Repeat nothing but the lines below running from the one containing "Guía completa sobre" to the one containing "Das Haus des Meeres öffnet mit reduzierter Kapazität. Das". Keep both end lines.
══ Data for review ══
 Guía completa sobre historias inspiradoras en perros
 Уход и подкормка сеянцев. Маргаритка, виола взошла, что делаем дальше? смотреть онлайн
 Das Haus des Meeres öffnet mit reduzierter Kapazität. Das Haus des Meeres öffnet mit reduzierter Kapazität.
═══
══ Data for review ══
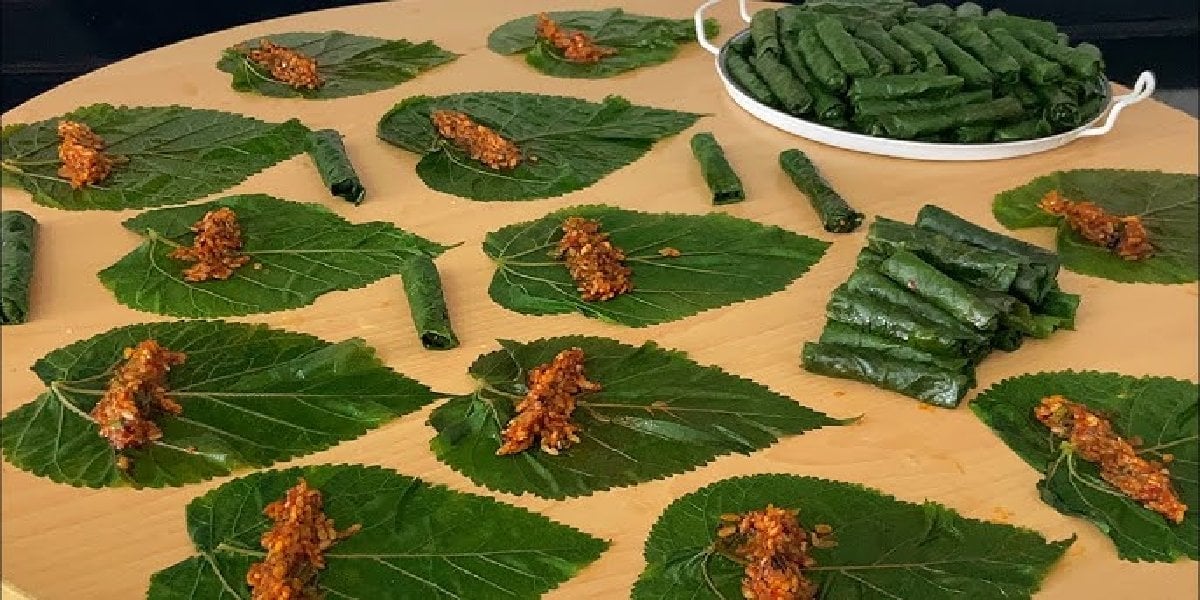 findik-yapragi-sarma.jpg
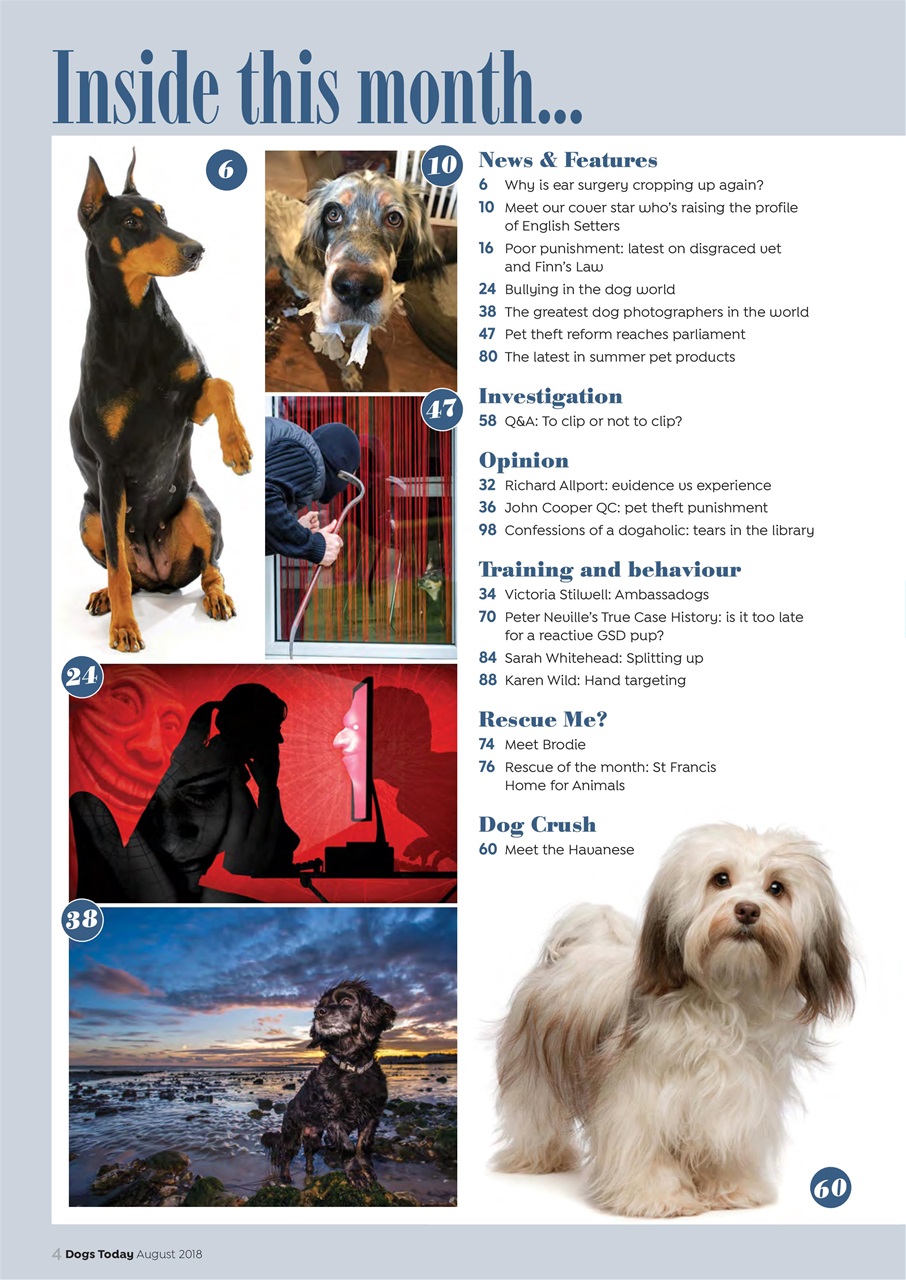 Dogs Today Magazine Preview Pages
═══
══ Data for review ══
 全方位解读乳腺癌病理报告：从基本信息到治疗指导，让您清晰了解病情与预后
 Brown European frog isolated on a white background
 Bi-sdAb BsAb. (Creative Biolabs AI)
═══
● Expected answer
 Guía completa sobre historias inspiradoras en perros
 Уход и подкормка сеянцев. Маргаритка, виола взошла, что делаем дальше? смотреть онлайн
 Das Haus des Meeres öffnet mit reduzierter Kapazität. Das Haus des Meeres öffnet mit reduzierter Kapazität.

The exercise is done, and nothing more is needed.